Les jardins des Grandes Eaux, profusion des aménagements hydrauliques
En 1660, Louis II de Bourbon-Condé, dit le Grand Condé, propriétaire du château de Chantilly, appelle à son service le célèbre André Le Nôtre. Son objectif : transformer la vallée de la Nonette située au pied du château en véritable jardin digne de ce nom. Le Nôtre imagine alors un exceptionnel ensemble composé de canaux, de bassins et parterres et, à l’ouest, il compose le point d’orgue : le jardin des Grandes Eaux, une succession de bosquets, ornés de fontaines, cascades et autres jeux d’eau. Pour faire « jouer les eaux », un système hydraulique très sophistiqué est mis en place.
Le Pavillon de Manse, machine élévatoire des eaux
À Chantilly, contrairement à Versailles, l’eau n’a jamais été un problème. La vallée de la Nonette et ses nombreuses sources offrent l’eau suffisante pour les besoins de Le Nôtre. Mais il faut « dompter » cette eau et la conduire vers les bassins et fontaines. André Le Nôtre confie cette question à un nommé Jacques de Manse, maitre d’œuvre des travaux d’exécution de la Machine – qui porte son nom – et du réseau de canalisations. Achevée en 1679, et « cachée » dans un élégant pavillon dessiné par Mansart, la Machine de Manse est une « machine élévatoire des eaux ». Une grande roue entrainée par le courant de la Nonette actionne des pistons qui pompent l’eau d’un puits souterrain, et l’envoie dans un réservoir situé sous le toit du pavillon. Il s’agit en fait d’un moulin à eau. La Machine fournit alors 1100 m3 d’eau par 24h mais elle ne peut fournir assez en temps réel pour tous les bassins. Il faut donc trouver un moyen de stocker l’eau en quantité suffisante pour le déclenchement des grandes eaux.

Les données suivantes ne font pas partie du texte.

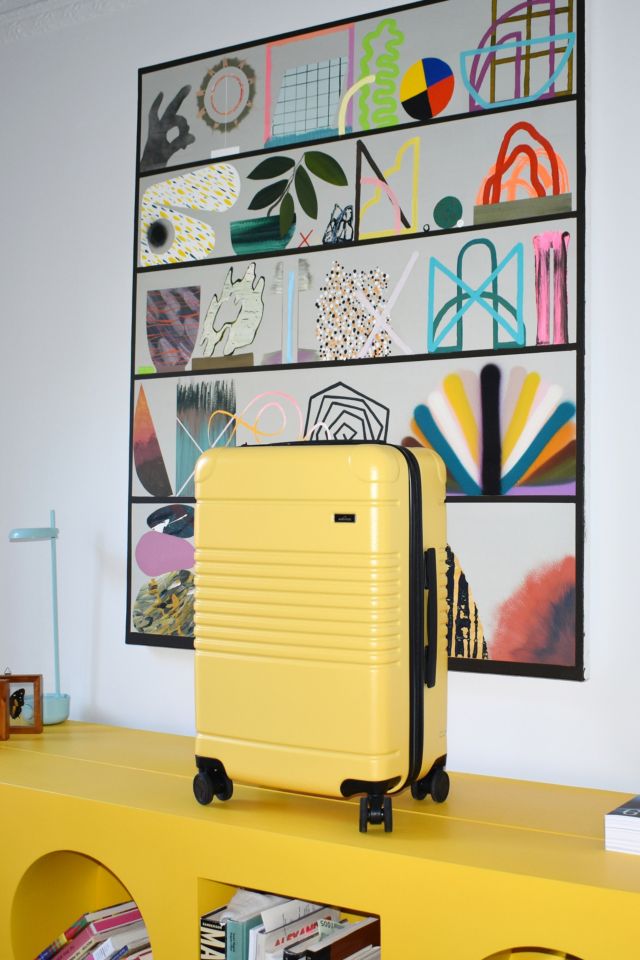 Arlo Skye Zipper Carry-On Max Suitcase in Lemon at Urban Outfitters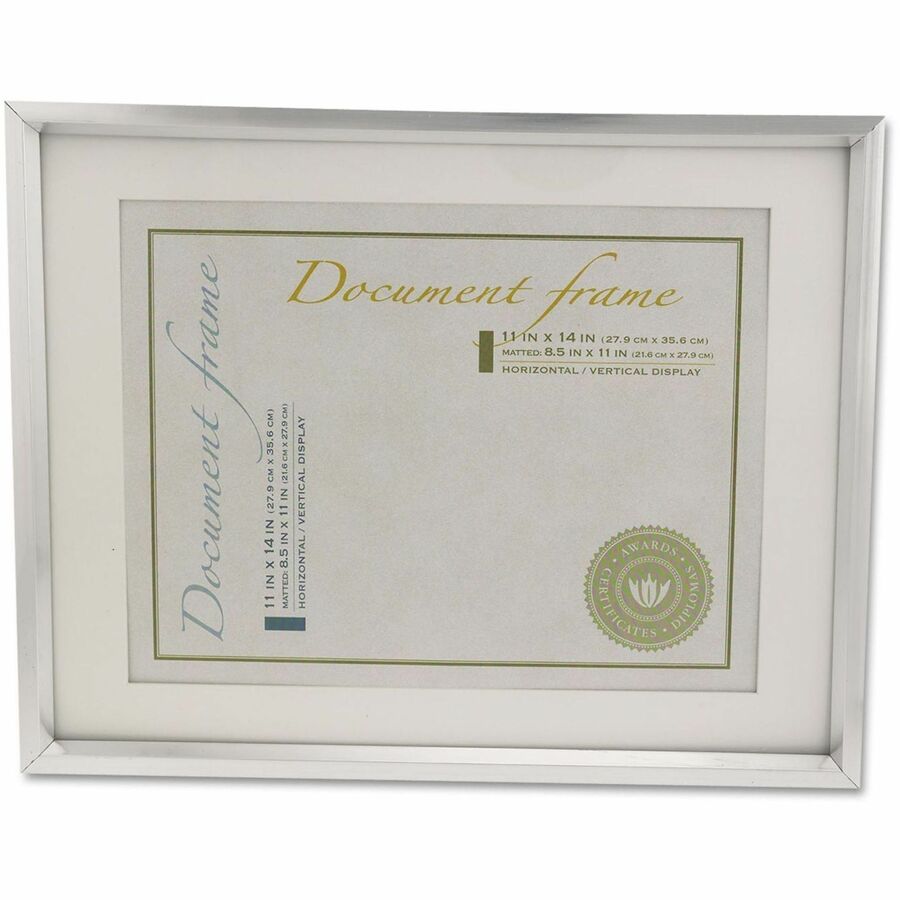 Plastic Document Frame with Mat, 11 x 14 and 8.5 x 11 Inserts, Metallic Silver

De même, la machine à double piston délivre un flux discontinu alors que les jeux d’eau nécessitent un flux régulé et continu. Elle est donc reliée, par une canalisation souterraine, à un réservoir de 33 000 m3 installé au point le plus élevé de Chantilly et surélevé par rapport aux cascades et bassins. Celui-ci envoie alors l’eau sous pression vers les bassins et fontaines par le simple jeu de la gravité.
Modernisation du 19e siècle
Après la Révolution française, le jardin des Grandes Eaux disparait mais le Pavillon de Manse et son réservoir sont préservés car ils alimentent aussi les Grandes Écuries, l’hôpital Condé et la ville par le biais d’un réseau de bornes fontaines. Dans la seconde moitié du 19e siècle, la roue en bois est délaissée et le duc d’Aumale, propriétaire du château, fait installer une station de pompage avec machines en fonte ainsi qu’une blanchisserie dans une extension du pavillon. À la fin du 19e siècle, la ville se dote de son propre réseau d‘alimentation mais le Pavillon de Manse fonctionnera jusqu’aux années 1970-80 pour alimenter la blanchisserie et le réservoir.
Propriété de l’Institut de France et classé monument historique, le Pavillon de Manse est aujourd’hui un site patrimonial consacré à la transmission de la culture scientifique et technique. Il retrace de manière pédagogique, trois siècles d’évolution de techniques hydrauliques.